> _Aim of the task_: Once the images are set aside, print the remaining lines below exactly.

> _Records for this task_:
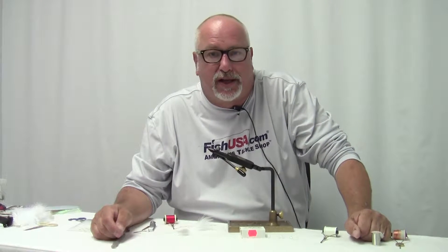Hello and welcome to Fish USA. My name is Steve Washer. Today I'm going to be tying some patterns that will be used this upcoming fall for the salmon steelhead run here on Lake Erie.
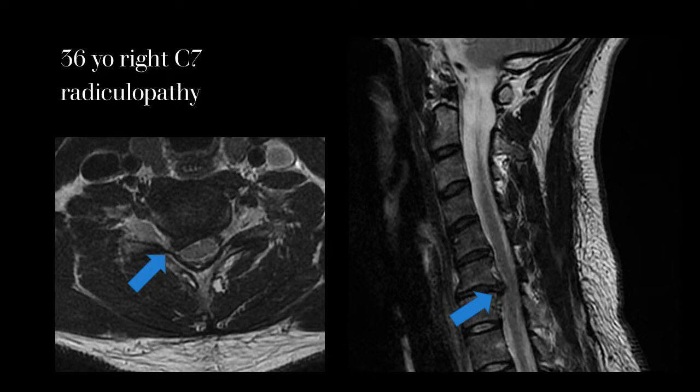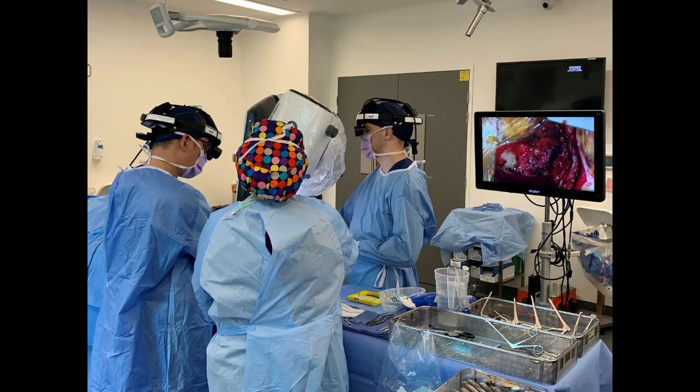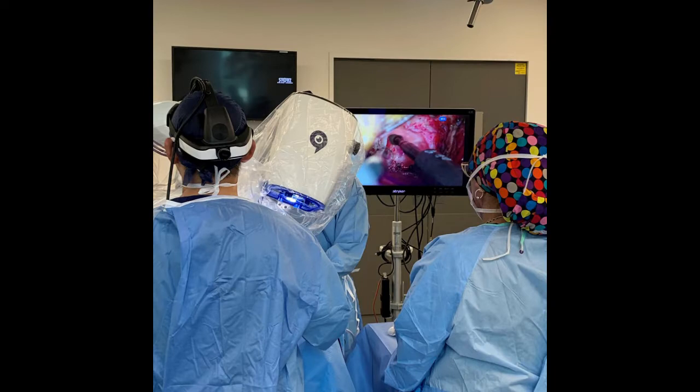This is a 36-year-old man with a right C7 radiculopathy from a C6-7 disc herniation. The patient was positioned prone in Mayfield pins and we used the robotic scope for the entirety of this case.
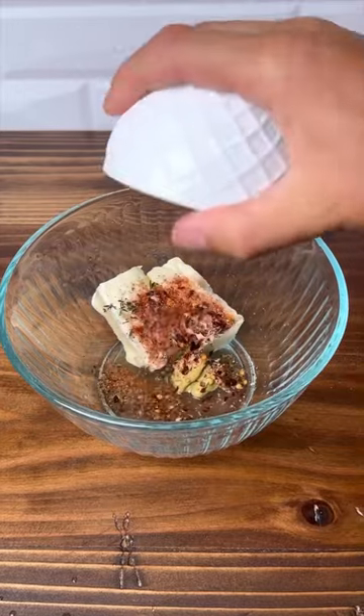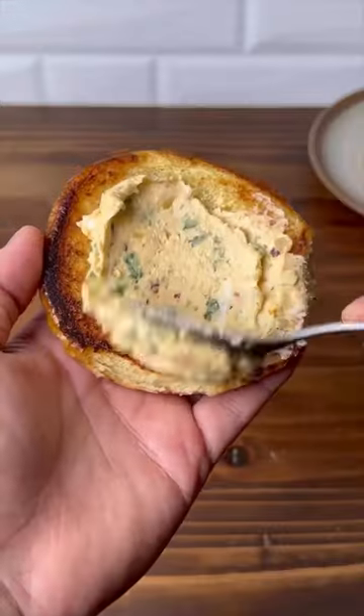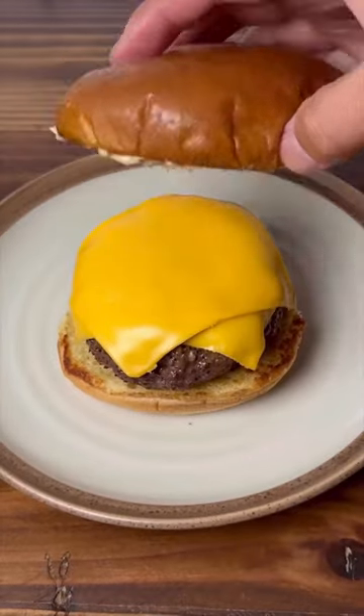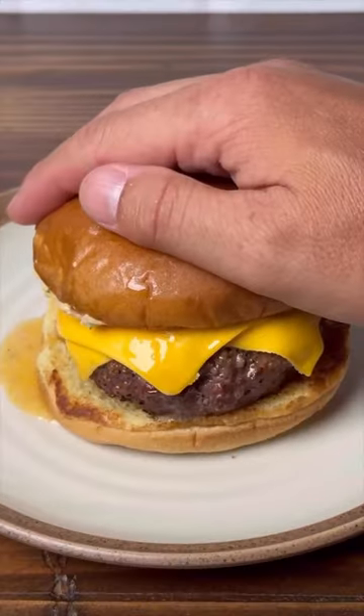Then make the cowboy butter by combining butter, lemon juice, Dijon, thyme, seasoning, garlic, and parsley. Give that a good mix. Spread it onto toasted buns and the hot burger will melt the butter and you will have one amazing bite.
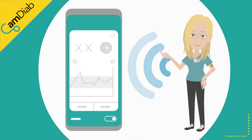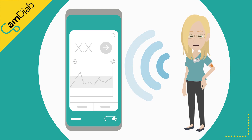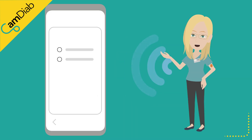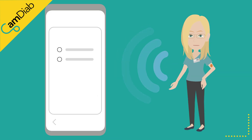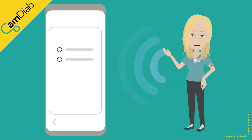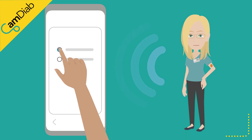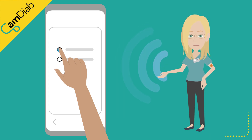Once your pump has been successfully paired, you then need to connect your glucose sensor to the CAM APS FX app. You are able to transfer a working Dexcom G6 sensor from the Dexcom app to the CAM APS FX app. Tap on Dexcom G6 to start the pairing process and follow the app's instructions.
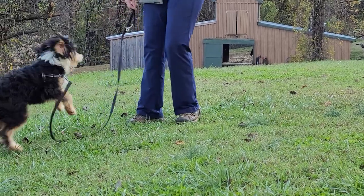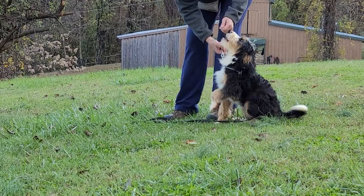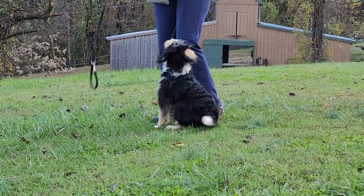Alright, we're going to try it again and this time we're going to add a little bit more motion. Hadley, she's distracted by everything because she's a five month old puppy. With puppies, you've got to really keep them focused by keeping them working.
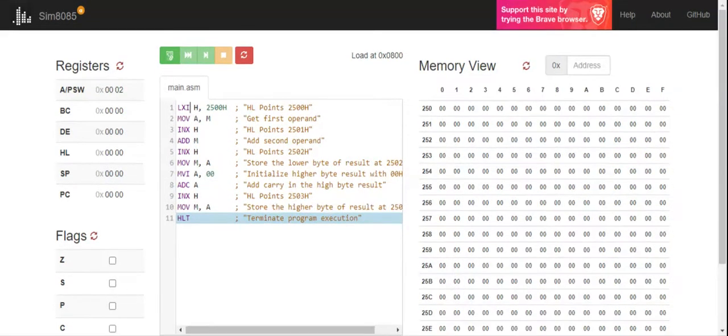Hello friends, my name is Jennifer Sampson and I'm going to be teaching you about the adding of two 8-bit numbers using 8085, not by using normal registers but by taking the values directly from the memory location.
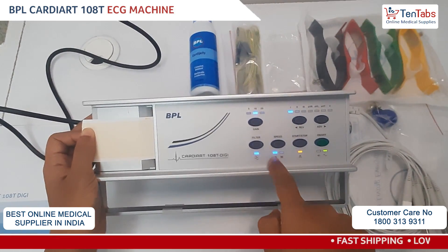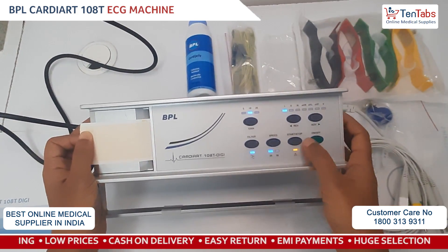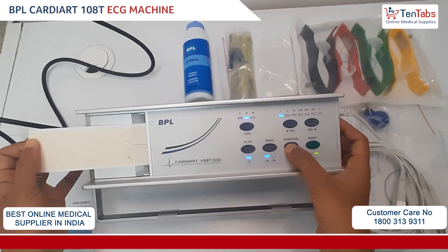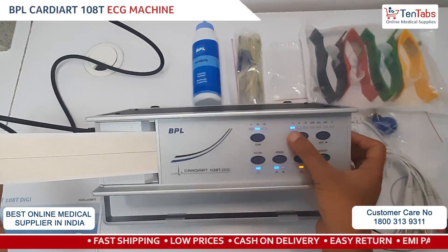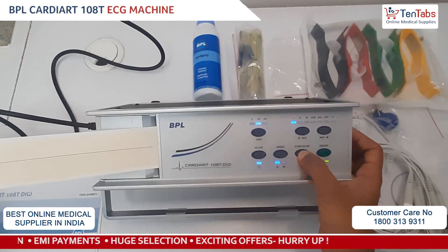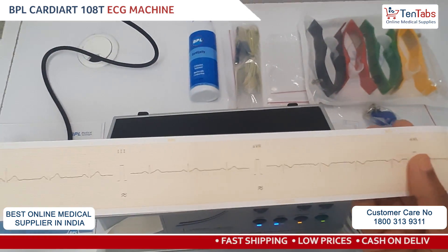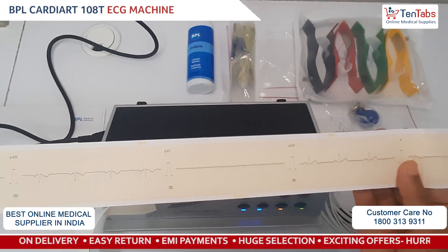To start and stop the printing, we need to press the start/stop button. You can see the print for lead one, which we have selected. Stop. This is one of the sample ECG waves — the report of the single channel BPL 108 ECG machine.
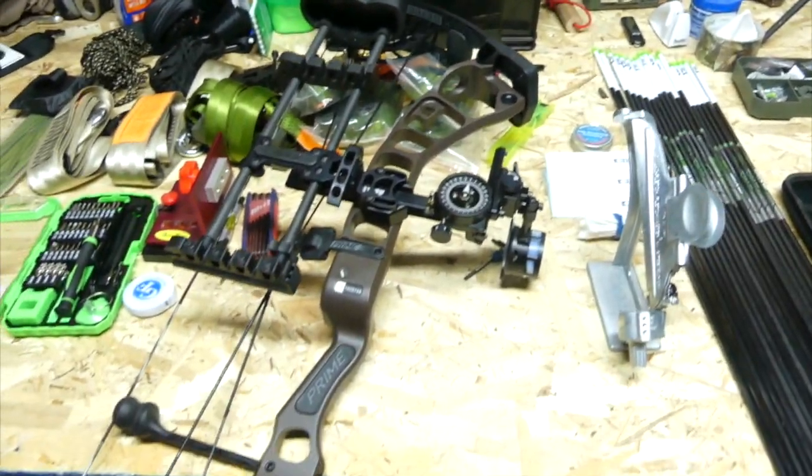What's up YouTube. Steps one and two are started — we've mounted the Spot Hog Hog Father and the Tight Spot quiver. Tomorrow we'll be going to the bow shop to get the rest of everything put on, and our stabilizer should be in tomorrow also. Sorry about the lighting in my bow dungeon.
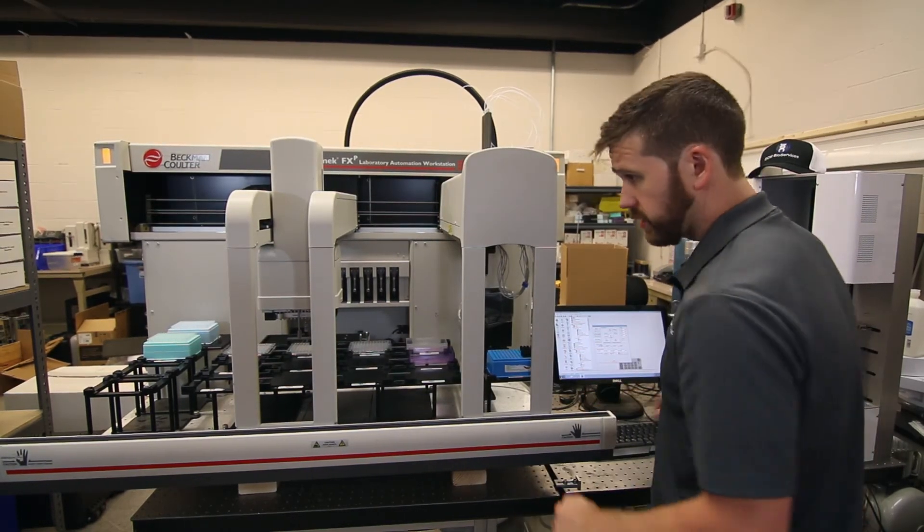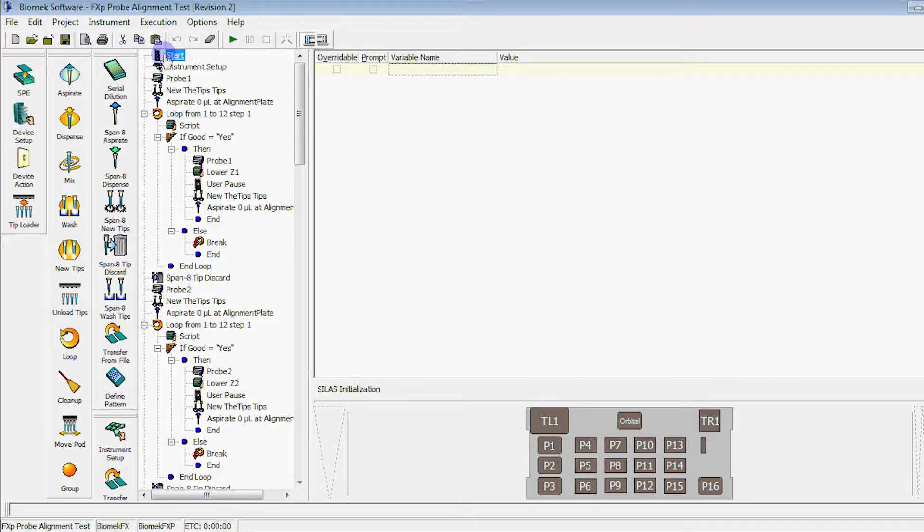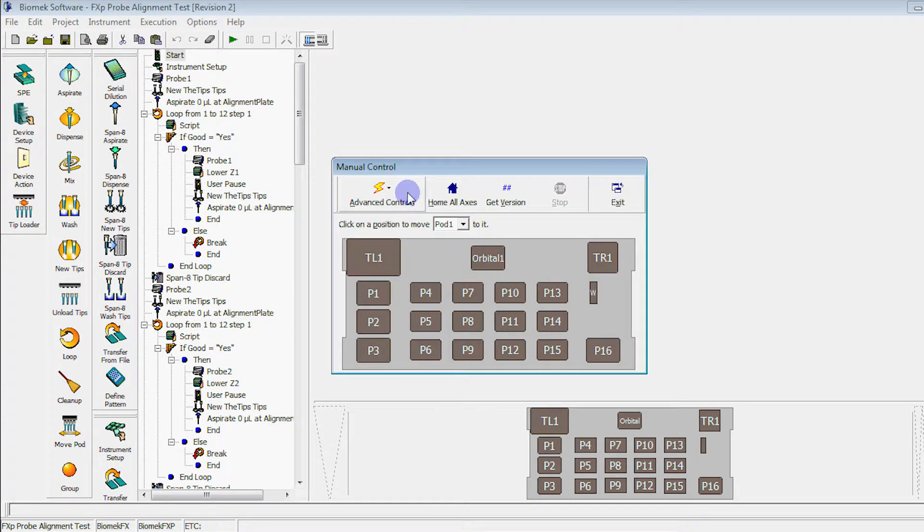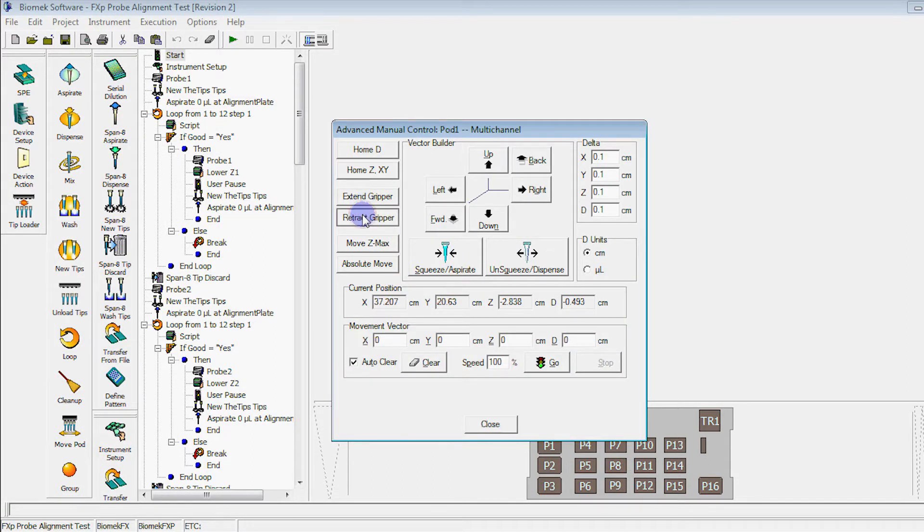Once your new grippers are installed, go back to your software and before doing anything else, retract your grippers. Go to Instrument, Manual Control, select your multi-channel pod, and select Retract Grippers.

> _Answer to this problem_:
Hello and welcome to Fish USA. My name is Steve Washer. Today I'm going to be tying some patterns that will be used this upcoming fall for the salmon steelhead run here on Lake Erie.
This is a 36-year-old man with a right C7 radiculopathy from a C6-7 disc herniation. The patient was positioned prone in Mayfield pins and we used the robotic scope for the entirety of this case.
Then make the cowboy butter by combining butter, lemon juice, Dijon, thyme, seasoning, garlic, and parsley. Give that a good mix. Spread it onto toasted buns and the hot burger will melt the butter and you will have one amazing bite.
Once your pump has been successfully paired, you then need to connect your glucose sensor to the CAM APS FX app. You are able to transfer a working Dexcom G6 sensor from the Dexcom app to the CAM APS FX app. Tap on Dexcom G6 to start the pairing process and follow the app's instructions.
Alright, we're going to try it again and this time we're going to add a little bit more motion. Hadley, she's distracted by everything because she's a five month old puppy. With puppies, you've got to really keep them focused by keeping them working.
Hello friends, my name is Jennifer Sampson and I'm going to be teaching you about the adding of two 8-bit numbers using 8085, not by using normal registers but by taking the values directly from the memory location.
To start and stop the printing, we need to press the start/stop button. You can see the print for lead one, which we have selected. Stop. This is one of the sample ECG waves — the report of the single channel BPL 108 ECG machine.
What's up YouTube. Steps one and two are started — we've mounted the Spot Hog Hog Father and the Tight Spot quiver. Tomorrow we'll be going to the bow shop to get the rest of everything put on, and our stabilizer should be in tomorrow also. Sorry about the lighting in my bow dungeon.
Once your new grippers are installed, go back to your software and before doing anything else, retract your grippers. Go to Instrument, Manual Control, select your multi-channel pod, and select Retract Grippers.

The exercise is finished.